KAREL'S CHEESE HOUSE


681. Taxes

United States Government
Department of Internal Revenue

The Pecker Tax will take effect immediately.
For those who have yet to be educated in all the aspects of this new tax, here are the particulars:

LEGAL BACKGROUND and REASONING:
Your pecker is not yet taxed, so now it will be. This is due to the fact that 40% of the time it is simply hanging around unemployed; 50% of the time it is pissed off; 20% of the time it is hard up; and 10% of the time it operates in the hole. Furthermore, it has two dependents both of which are nuts.

Accordingly, effective immediately, your pecker will be taxed based on its' size using the PeckerChecker TaxTable below (also found on page 39 of 1040 instructions).
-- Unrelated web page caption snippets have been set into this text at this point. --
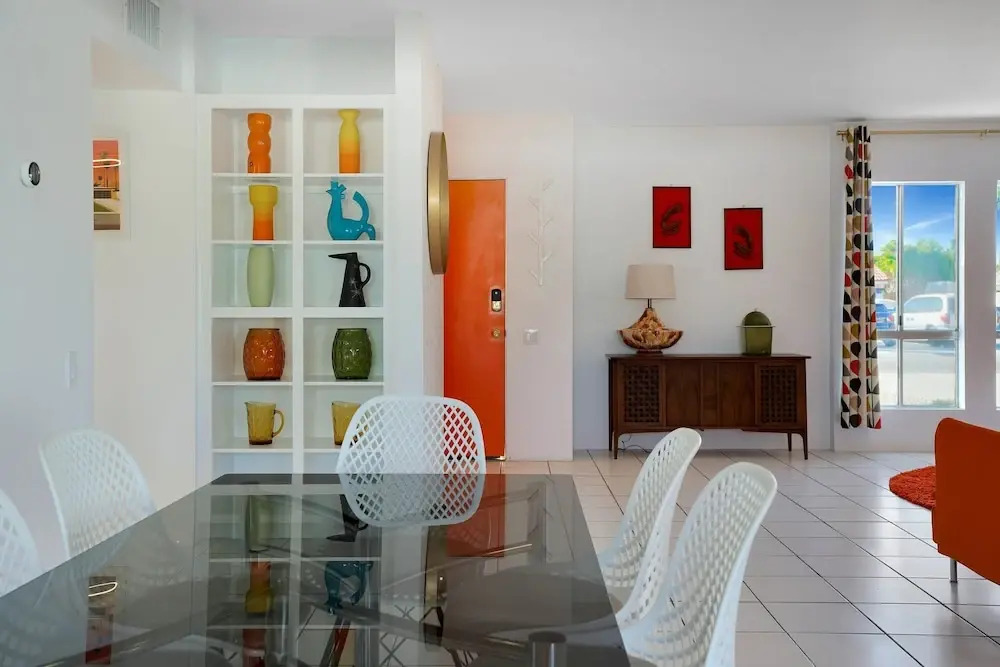 Retro Desert Retreat - Ideal Palm Springs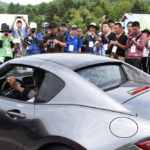【画像】世界に１台だけの「マツダMX-5 RF」をロードスターオーナーの前で公開！ 〜 画像9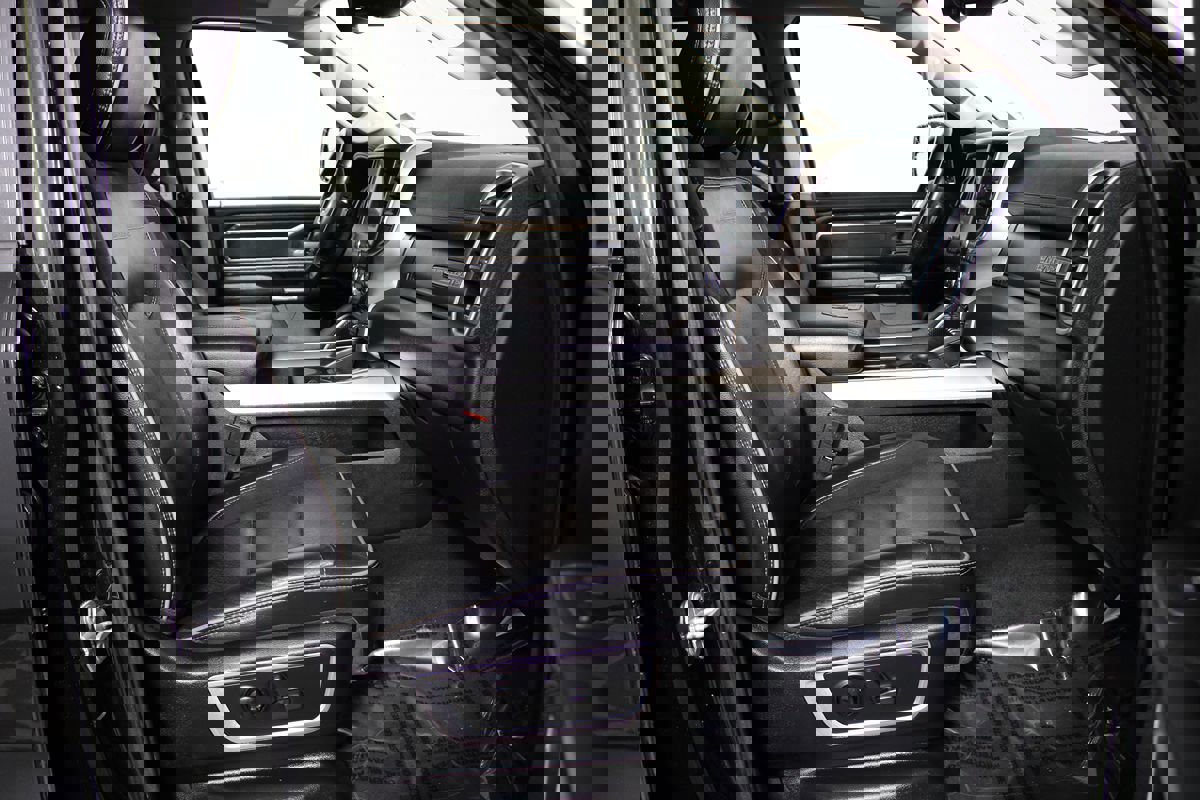 Used 2022 RAM 1500 Laramie image 28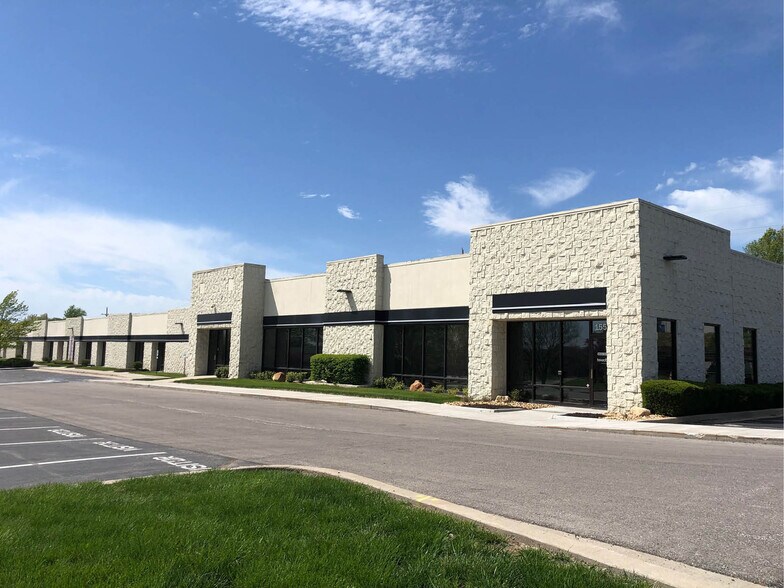 Primary Photo Of 15520-15600 College Blvd, Lenexa Flex For Sale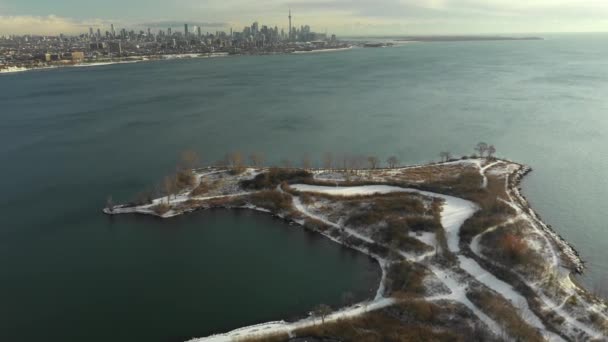 Aerial Video Downtown Toronto Humber Bay Park East Lake Ontario — стокове відео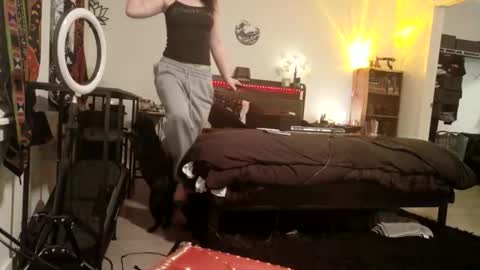 Honeybb online show from 03/21/26, 09:25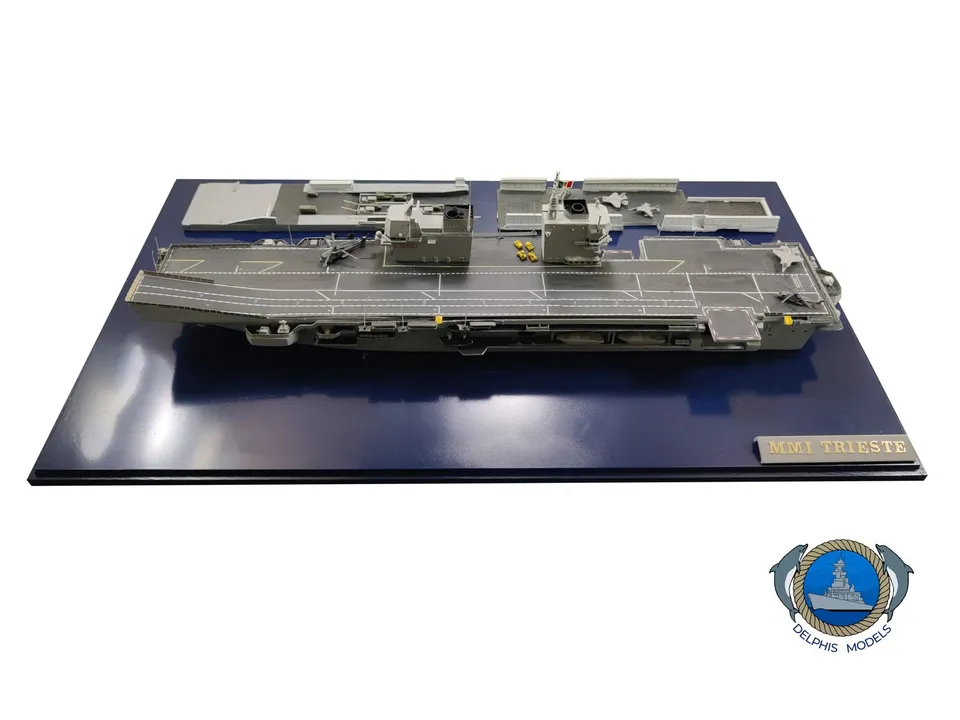 Delphis Models Trieste L9890 kit nave LHD 1/700 resina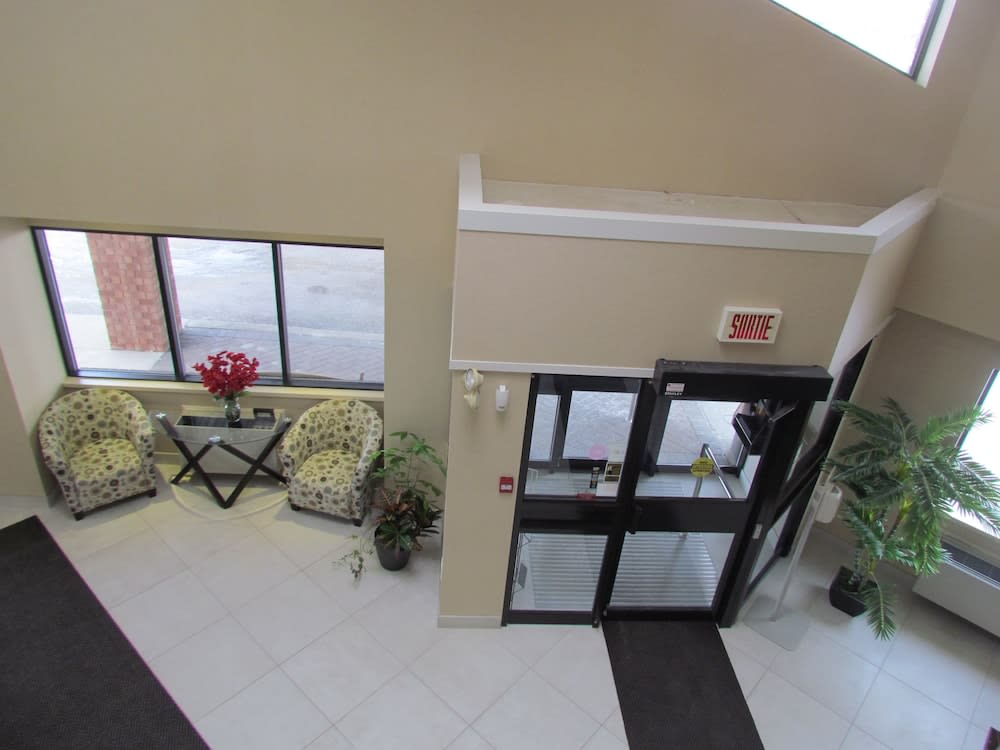 Comfort Inn 2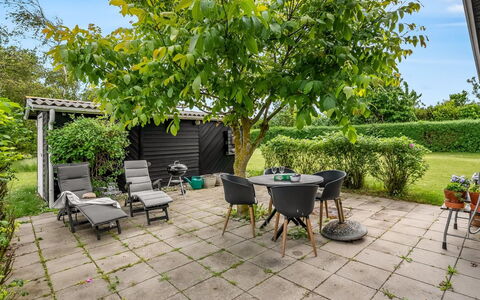 Gustav - 50M from the Sea: Shrub, Outdoor Furniture, Garden, Furniture, Shade, Land Lot, Outdoor Table, Chair, Groundcover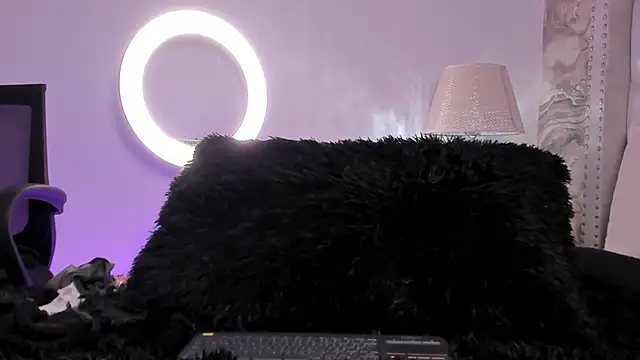 Snapshot of Kev_jenner chatting on September 20, 8:09 pm Kev jenner online show from September 20, 8:09 pm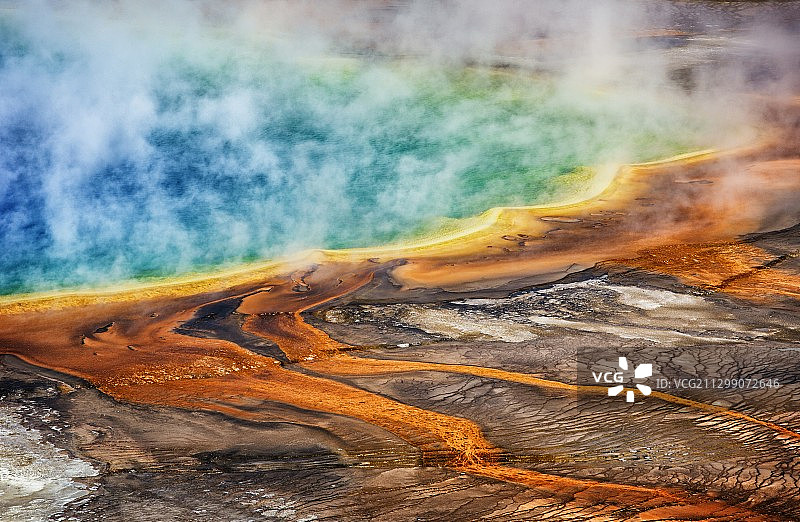 西黄石火山地貌高角度视图，美国图片素材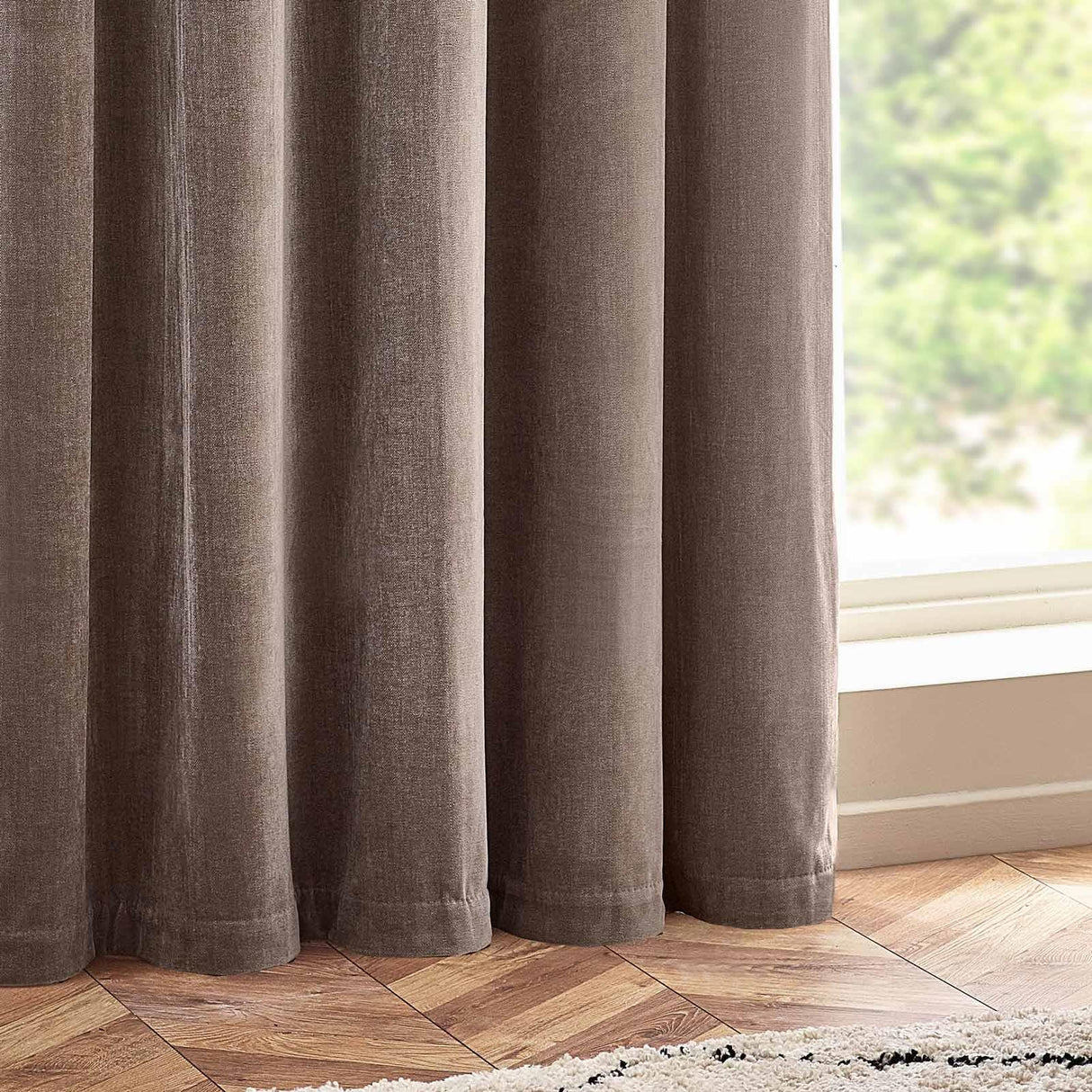 Heavy Chenille Room Darkening Eyelet Curtains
10-12 inches Luxury Tax $50.00/year
8-10 inches Pole Tax 25.00/year
6-8 inches Priveledge Tax 15.00/year
4-6 inches Nuisance Tax 5.00/year

Note: Taxpayers under the 4 inch minimum are eligible for a tax refund using the inverse scale law. Submit Form 69, or attach Form 132569. Do not apply for an extension.

Taxpayers with peckers in excess of the 12 inch maximum will have to file for capital gains as listed in section 72 (which is 69 with two fingers up your ass).


682. Hard of hearing
Elderly man, hard of hearing, is joined by his wife as the doctor makes an exam. Finally, the doctor says: "I am mystified. I need to do further tests. So leave me a urine, feces and sperm samples." The gentleman ask: "What did he say? What does he want?" His wife responds: "Leave him your underwear."
683. Three friends
Three friends were sitting around one day talking of thier husbands, and they decided that they should give the guys nicknames, You see they all were named LEROY. And the women were getting tired of just yelling Leroy and no one showing up, figuring it couldnt be THEM that was being hollared for. They decide to name them after Soda Pops.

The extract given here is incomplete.